First Person

Randomness is Not a Fluke

“I think there’s nothing wrong with anything.”  So spoke Chancellor Joel Klein at yesterday’s release of the 2009 elementary and middle school progress reports.  As Anna Phillips reported, 84% of the schools received a letter grade of A, and an additional 13% received a B.  Only two schools out of 1,058 received an F, and just five more were awarded a D.

The letter grades were driven by the remarkable/suspicious gains in 2009 on the state’s ELA and math tests.  Schools weren’t actually compared to one another on their performance this year to derive the letter grades.  Rather, they were compared to last year’s peer and citywide benchmarks.  To use a football metaphor, because test scores rose across the board, virtually all schools moved up the field, but the goalposts didn’t move.  I wasn’t sure that the progress report letter grades could actually be less useful this year than last, but Chancellor Klein’s administration has achieved that dubious feat.  When 84% of the schools receive an A—the top grade, which everyone understands to signify excellence—what useful information about the school’s relative performance is being conveyed to parents, students, educators, and others with a stake in our schools?  Not much, in my view.

Last year, my blogging partner Jennifer Jennings (who, for those keeping score at home, is now Dr.

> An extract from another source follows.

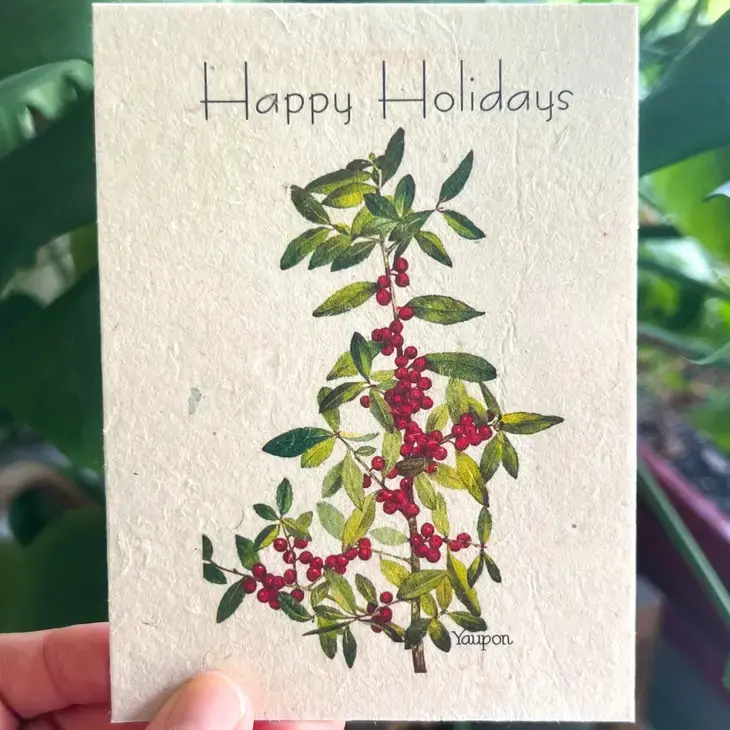 Thumbnail: Wildflower Seed Card || Zero Waste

J) and I were sharply critical of the 2008 school progress reports.  Writing on Jennifer’s eduwonkette site, we demonstrated that student achievement growth over the past year—which makes up 60% of the overall progress report letter grade—was highly unreliable.  Schools that demonstrated high gains in student achievement from 2006 to 2007 were no more likely to show gains from 2007 to 2008 than schools that showed low gains in 2006 to 2007.  We concluded that the measure of student progress making up 60% of the overall progress report grade was picking up chance fluctuations from year to year.  And if 60% of the score is random, there’s not much genuine information about school performance in the progress report grade.

It wasn’t a fluke.

I’ve now replicated our analysis using the 2009 progress report grades.  Many measures of school performance—its environment, based on parent and teacher surveys, its attendance, even the percentage of students achieving Level 3 or Level 4 on the state ELA and math tests—are fairly stable from year to year.  But once again, the student progress measure is wholly unpredictable.  The schools that showed big gains in student achievement from 2007 to 2008 were no more likely to show big gains from 2008 to 2009 than those schools that had small gains from 2007 to 2008. 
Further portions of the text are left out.